■ Task details ■
Word for word, repeat the data; no picture should appear in the result.

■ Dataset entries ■
/---
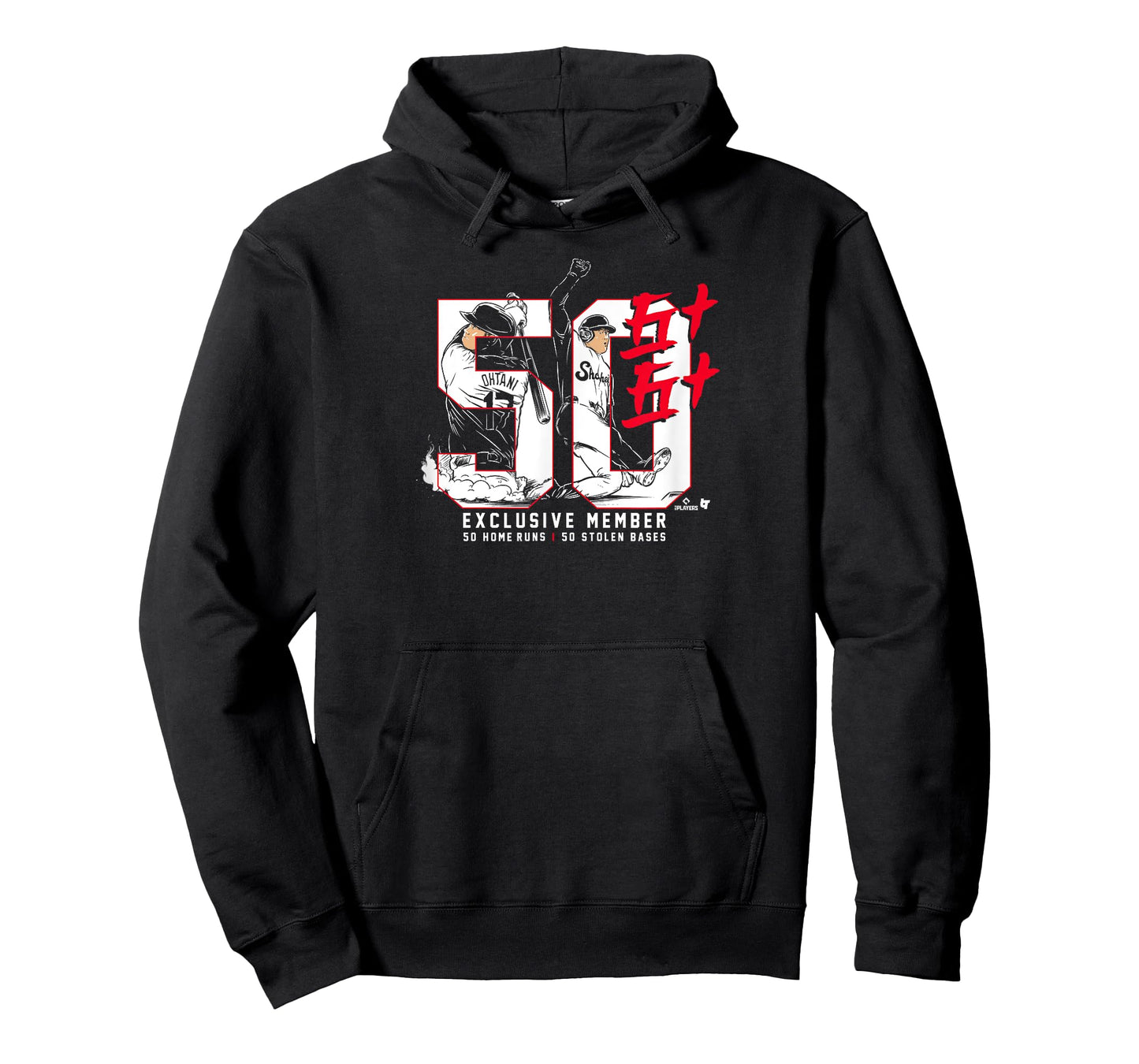 Shohei Ohtani - 50/50 - Los Angeles Baseball T-Shirt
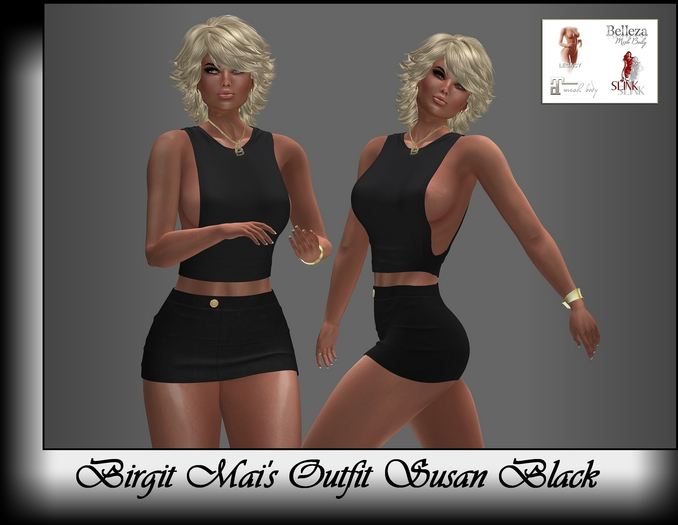 Birgit Mai's Outfit Susan with Jewelry Black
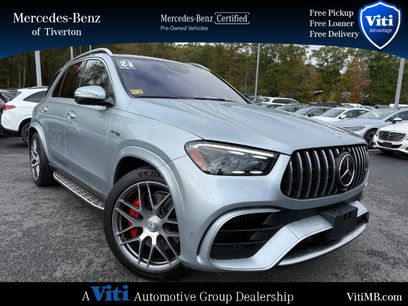 Certified 2024 Mercedes-Benz GLE 63 AMG S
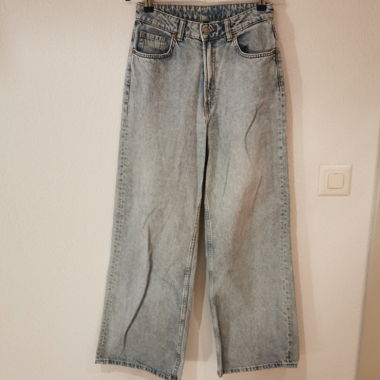 wide leg jeans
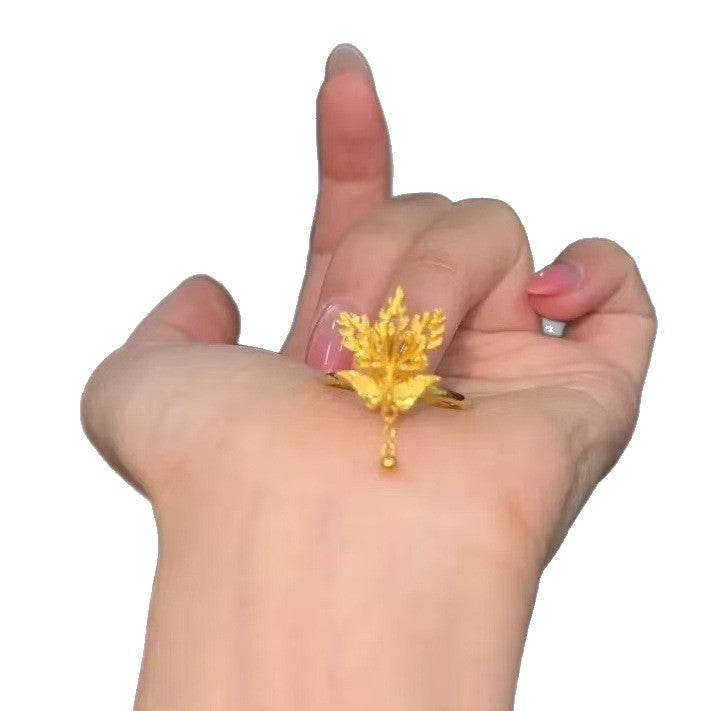 Phoenix Female Niche Temperament Affordable Luxury Ring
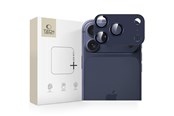 Handys - Schutzfolie - Tech-Protect Camfull Fit+ Lens Glass for iPhone 17 Pro Max - Navy Blue - 5906302335541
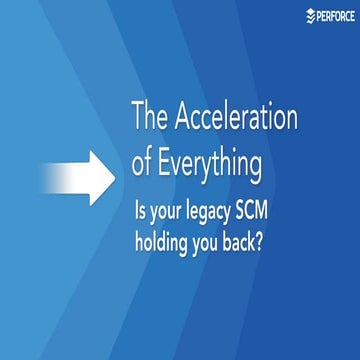 Webinar: The Acceleration of Everything
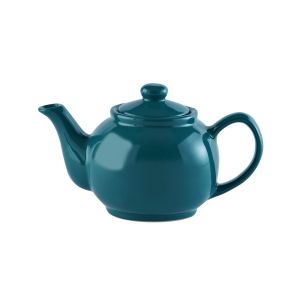 Price & Kensington Glossy Teal Blue Teapot - 2 Cup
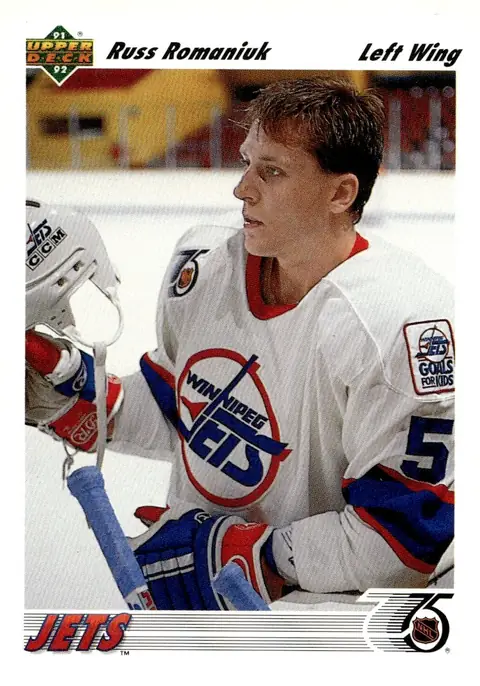 1991-92 Upper Deck #46 Russ Romaniuk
\---
■ Result ■
 Shohei Ohtani - 50/50 - Los Angeles Baseball T-Shirt
 Birgit Mai's Outfit Susan with Jewelry Black
 Certified 2024 Mercedes-Benz GLE 63 AMG S
 wide leg jeans
 Phoenix Female Niche Temperament Affordable Luxury Ring
 Handys - Schutzfolie - Tech-Protect Camfull Fit+ Lens Glass for iPhone 17 Pro Max - Navy Blue - 5906302335541
 Webinar: The Acceleration of Everything
 Price & Kensington Glossy Teal Blue Teapot - 2 Cup
 1991-92 Upper Deck #46 Russ Romaniuk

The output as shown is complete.